Figure 2: Structure of a nucleosome. The DNA is wrapped around a histone octamer which consists of an (H3-H4)2 tetramer and two H2A-H2B dimers, with the histone tails protruding outwards. Adapted from: Petesch, S.J. et al. (2012), Overcoming the nucleosome barrier during transcript elongation, Trends in Genetics, Vol. 28, No.6

The first part of the talk covered the evolution of eukaryotic chromatin structure. Mattiroli and her colleagues found the crystal structure of archaeal chromatin. They found that Archaea possess histone dimers that are similar to eukaryotic histone dimers. One important difference however is that the archaeal histones lack the characteristic histone tails. The question that followed was how do these histones organize the archaeal genome? They digested  chromatin thatwas extracted from Archaea with Micrococcial nuclease. This nuclease digests all DNA except the parts that are protected by histones. The digestion products were analyzed and on a gel discrete bands were observed corresponding to pieces of DNA which were a multiple of 30 base pairs in length. There were also bands corresponding to pieces of DNA longer than 120 base pairs. As each histone dimer protects approximately 30 base pairs of DNA, the results implicate that the archaeal histone-DNA complexes form a nucleosomal ramp. In contrast to the eukaryotic histones that are confined to complexes consisting of eight histones, the archaeal histones can form complexes with a large number of histones. This is a way of arranging histone-DNA complexes that has not been observed before. The hypothesis is that due to histone diversification the eukaryotic histones do not form complexes consisting of more than eight histones.

During the second part of the talk the question of how eukaryotic chromatin is propagated during DNA replication was addressed. Mattaroli is mainly interested in how the nucleosomes are disassembled and reassembled and how in this process the histone information is copied. She focusses on the role of the histone chaperone CAF-1. Histone chaperones bind to histones, thereby shielding their charges and facilitating their deposition onto the DNA. CAF-1 is known to receive an H3-H4 dimer from ASF1. However, little is known about how the chaperone actually deposit the histones on the DNA. The importance of CAF-1 is illustrated by the fact that CAF-1 is essential in multicellular organisms.
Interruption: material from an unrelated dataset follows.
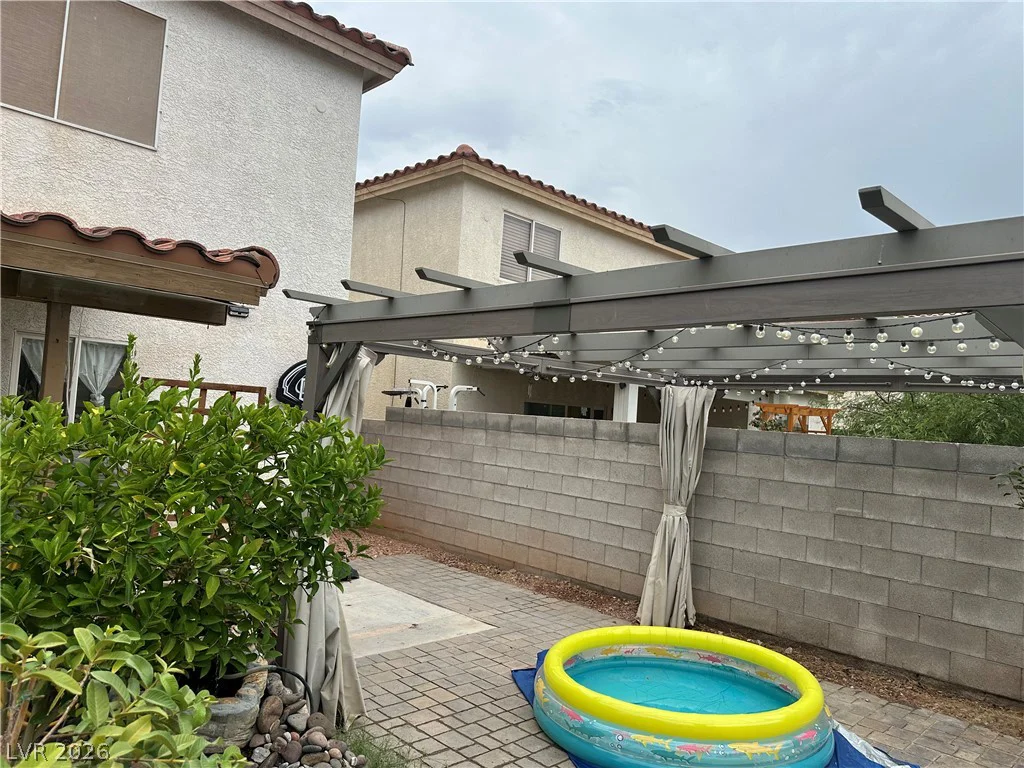 10126 Pennyroyal, Las Vegas, NV 89183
It safeguards epigenome organization.

One of the outcomes of the work of Mattiroli and her colleagues was that they found the region of CAF-1 that can bind an H3-H4 dimer. This is the WD40 subunit. Once CAF-1 has a dimer bound to it, this dimer can form a tetramer. They also showed that CAF-1 can on its own assemble tetrasomes in vitro, enabling in vitro nucleosome formation. Triggered by the finding of a DNA binding winged helix domain (WHD) in CAF-1 (Zhang et al., 2016, Nucleic Acids Research) Mattiroli and her colleagues looked into the DNA binding dynamics of CAF-1. Upon binding of an H3-H4 dimer to CAF-1, the WHD is released and it can bind DNA. It was shown that WHD binds DNA in a cooperative manner. Thus it prefers to bind with two WHDs to a single piece of DNA. Once one WHD binds DNA, it triggers the binding of a second WHD and it thus triggers the binding of a second CAF-1/H3-H4 complex.

In the field there is a debate about the disassembly and reassembly of nucleosomes during replication. There are two main theories (Figure 3) about how new nucleosomes are formed. The conservative model hypothesizes that there is a separation of old and new histones after replication.  The semi-conservative model on the other hand hypothesizes that old and new histones are mixed. The finding that two independent CAF-1 molecules are involved in joining two H3-H4 dimers, makes the semi-conservative model feasible. However, the majority of the evidence points to the conservative model.


Figure 3: New nucleosomes either consist of a mix of old and new histones or they consist of only old or only new histones. These two models are referred to as semiconservative and conservative respectively. Adapted from: Ramachandran, S., Henikoff, S. (2015) Replicating nucleosomes, Science Advances, Vol. 1, no. 7

There are still many questions that are left unanswered and that Mattiroli would like to address in the future. She would for example like to find how CAF-1/H3-H4 complexes are paired. There might be a role for proliferating cell nuclear antigen (PCNA) since it has multiple binding sites for CAF-1. So defining the exact role of PCNA is one of the future goals. Furthermore, Mattiroli would like to study the role of CAF-1 when the DNA has been damaged and an ultimate goal is to understand what controls epigenome inheritance.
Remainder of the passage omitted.